If you are allowed to modify the manufacturing process, then I would put in discs ( also made of CF ) that are tightly bonded to the walls of the tube at regular intervals down the length of the tube. The discs are perpendicular to the tube's length.

I saw this principle explained on a video made by professors in an engineering school who were trying to attract students to enroll in the school: a cylinder that is hollow at the end is very weak. But if you put on caps, and bond them tightly to the tube, then it becomes very strong. That is how airplane fuselages are reinforced: by putting in bulkhead sections at regular intervals down the tube.


----------



## myhui (Aug 11, 2012)

BlueMasi1 said:


> Wood dowels.


IKEA should sell a self assembled wooden bike made of wood from a very light species of tree. Can you imagine the flood of new posts here if their instructions aren't clear enough?


----------



## cxwrench (Nov 9, 2004)

Waspinator said:


> Also, I'm wondering: are steerer tubes on forks actually carbon-fiber, or something else? They don't seem to have the glossy epoxy finish and *carbon-fiber cross-hatched weaved* cloth that you find in other carbon fiber parts. Would epoxy even bond to it?

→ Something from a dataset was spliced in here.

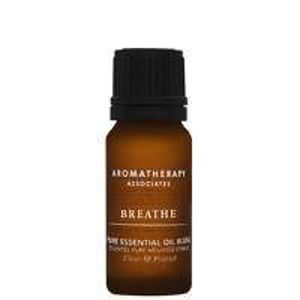 Aromatherapy Associates Breathe Pure Essential Oil Blend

This is a 'finish' layer, not the actual structural carbon fibre material. It is included by some manufacturers because some people (like you) expect to see the 'weave' where carbon fibre is involved.


----------



## Waspinator (Jul 5, 2013)

cxwrench said:


> This is a 'finish' layer, not the actual structural carbon fibre material. It is included by some manufacturers because some people (like you) expect to see the 'weave' where carbon fibre is involved.


Wrong.

This weave is actually carbon-fiber cloth, and is used to make many carbon fiber parts - including bike parts. It is every bit “structural" in nature. Don’t believe me? Go see a Ferrari, Lamborghini, Formula One, or IndyCar chassis being made.

I am fully aware that CFRPs can be made with ‘directional’ strength, in which case a woven organization of carbon tows may not be optimal. One would think, however, that a steerer tube wouldn’t necessarily be stronger by having its carbon fiber tows only in parallel.


----------



## mikerp (Jul 24, 2011)

Waspinator said:


> Wrong.
> 
> This weave is actually carbon-fiber cloth, and is used to make many carbon fiber parts - including bike parts. It is every bit “structural" in nature. Don’t believe me? Go see a Ferrari, Lamborghini, Formula One, or IndyCar chassis being made.
> 
> I am fully aware that CFRPs can be made with ‘directional’ strength, in which case a woven organization of carbon tows may not be optimal. One would think, however, that a steerer tube wouldn’t necessarily be stronger by having its carbon fiber tows only in parallel.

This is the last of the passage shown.